**WHAT IS EXPECTED**
In the records below, find the line with "грибы GOLDEN TEACHER" and repeat exactly every line from it through the line with "Clown Fish (Under". Pictures stay out.

━━━ RECORDS FOR THE EXERCISE

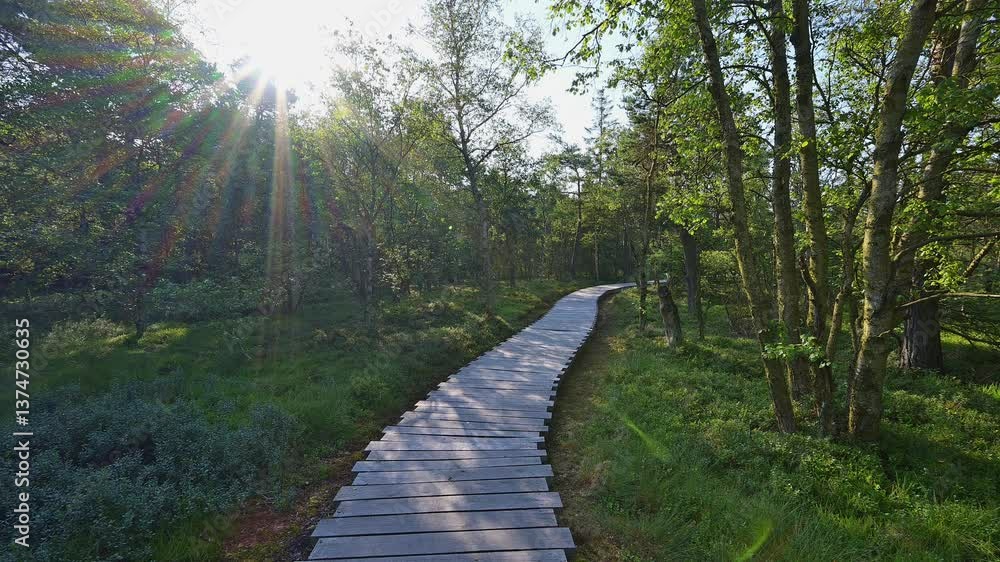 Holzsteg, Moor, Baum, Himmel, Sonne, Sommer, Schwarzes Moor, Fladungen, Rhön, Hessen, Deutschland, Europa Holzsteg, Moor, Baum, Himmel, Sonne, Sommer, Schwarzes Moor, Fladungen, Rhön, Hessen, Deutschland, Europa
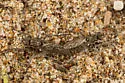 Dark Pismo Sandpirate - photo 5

━━━━━━
━━━ RECORDS FOR THE EXERCISE

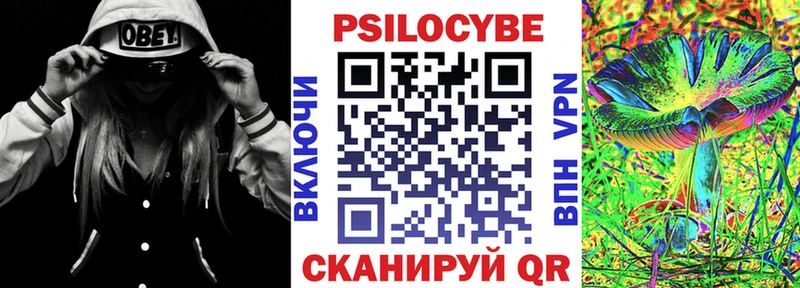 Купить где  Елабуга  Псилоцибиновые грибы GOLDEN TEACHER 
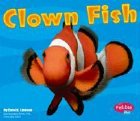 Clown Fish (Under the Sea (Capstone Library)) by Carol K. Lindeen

━━━━━━

**WRITTEN REPLY**
 Купить где  Елабуга  Псилоцибиновые грибы GOLDEN TEACHER 
 Clown Fish (Under the Sea (Capstone Library)) by Carol K. Lindeen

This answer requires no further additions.